Commerce & Liberty
Ten years on, Britain cut the cord and survived
*A decade after Brexit, the question is not whether Britain can stand alone — but whether it is managing its own household with the discipline that independence demands.*
Tuesday, June 23, 2026
The National Review tells us that ten years have passed since Britain voted to leave the European Union, and the verdict — at least as that publication reads it — is that the move has proved sound. The prospect of rejoining, it adds, is now remote. I was not there, of course, and I hold no brief for any particular outcome. But the question the story raises is one I have turned over many times in my own life: what does it actually cost a people to govern their own trade, and are they prepared to pay that cost in the coin of discipline?
I spent years in London and Paris as a colonial agent and then as a diplomat, watching the way metropolitan powers set the terms of commerce for those who lived at a distance.
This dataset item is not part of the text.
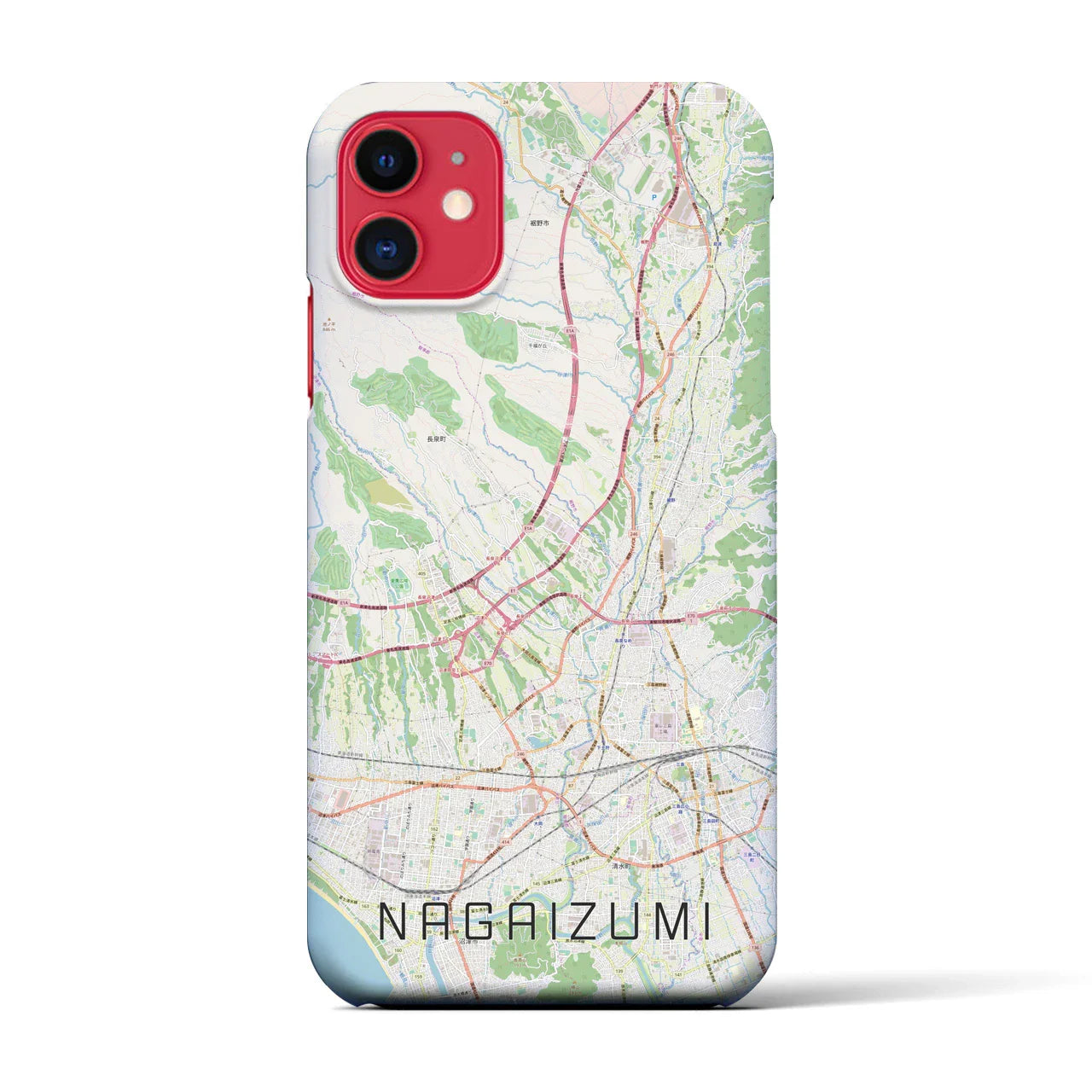 【長泉(静岡県)】地図柄iPhoneケース(バックカバータイプ)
The colonists I represented knew the price of that arrangement — not in abstract principle, but in the rates they paid, the markets they were barred from, the paper money they were forbidden to issue. The desire to set one's own commercial rules is entirely legitimate. The harder question is what you do with the freedom once you have it.
Here is my usual test: what does the working tradesman or the small farmer actually receive when the policy is in force? If Britain outside the EU has gained the power to negotiate its own trade terms, sign its own agreements, and issue its own regulations without deference to a distant body — that is a real gain, and not a trivial one. Self-government over commerce is a form of self-government full stop. I would not minimize it.
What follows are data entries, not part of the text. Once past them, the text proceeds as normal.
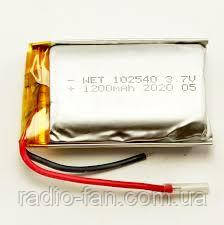 Акумулятор WET 803040 3.7v 1200 mAh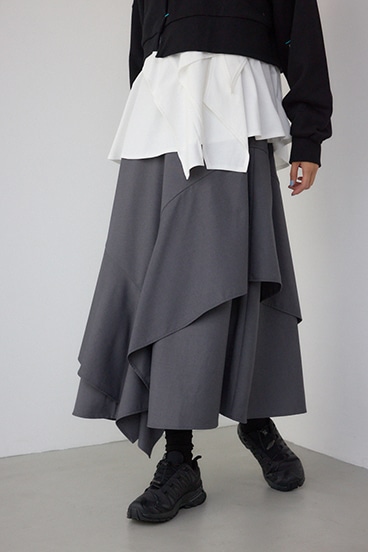 【PLUS】レイヤードスカート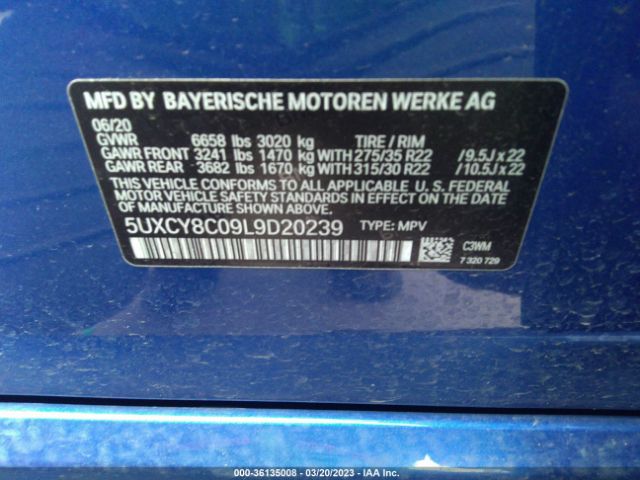 5UXCY8C09L9D20239 BMW X6 M50i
And yet — I mark what follows as inference, not recollection, since I cannot have observed it — freedom of this kind is only as valuable as the habits it produces. A household that escapes a bad landlord has done something admirable; a household that then spends recklessly, borrows without discipline, and neglects its productive trades has squandered the advantage. The National Review's report does not detail Britain's fiscal position, its trade balances, or the wages of its ordinary workers. Those are the numbers I would wish to see before writing the full verdict.
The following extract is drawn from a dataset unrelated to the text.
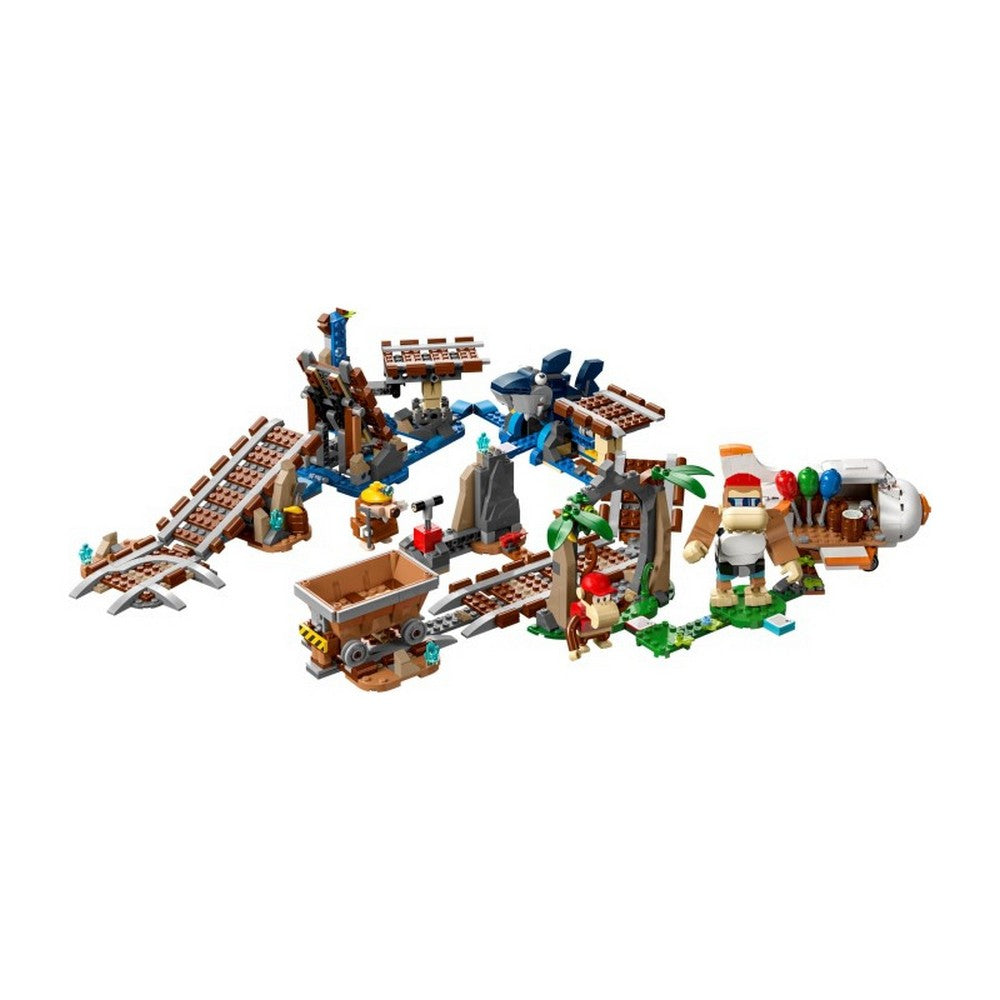 LEGO Super Mario -  Set de extindere - Plimbarea cu vagonetul 71425, 1157 piese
I have one further thought on the matter of information and union. In my time as Postmaster, I learned that the roads which carry commerce also carry ideas, and that cutting a road — even a badly maintained one — can isolate as well as liberate. Trade agreements are, among other things, infrastructure for the movement of goods and the settlement of accounts. Britain has presumably built new roads in the decade since. Whether they are as well-traveled as the old ones is a question of fact, not philosophy, and I would counsel any reader to seek the trade data before reaching a comfortable conclusion.
My counsel to the working person watching this story: do not let the symbolic victory of independence substitute for the practical audit of what independence has produced. A nation, like a household, grows rich by producing more than it consumes and being honest about both. Count the goods; count the debts; then form your opinion. The liberty to manage your own affairs is precious — but liberty does not balance the ledger for you.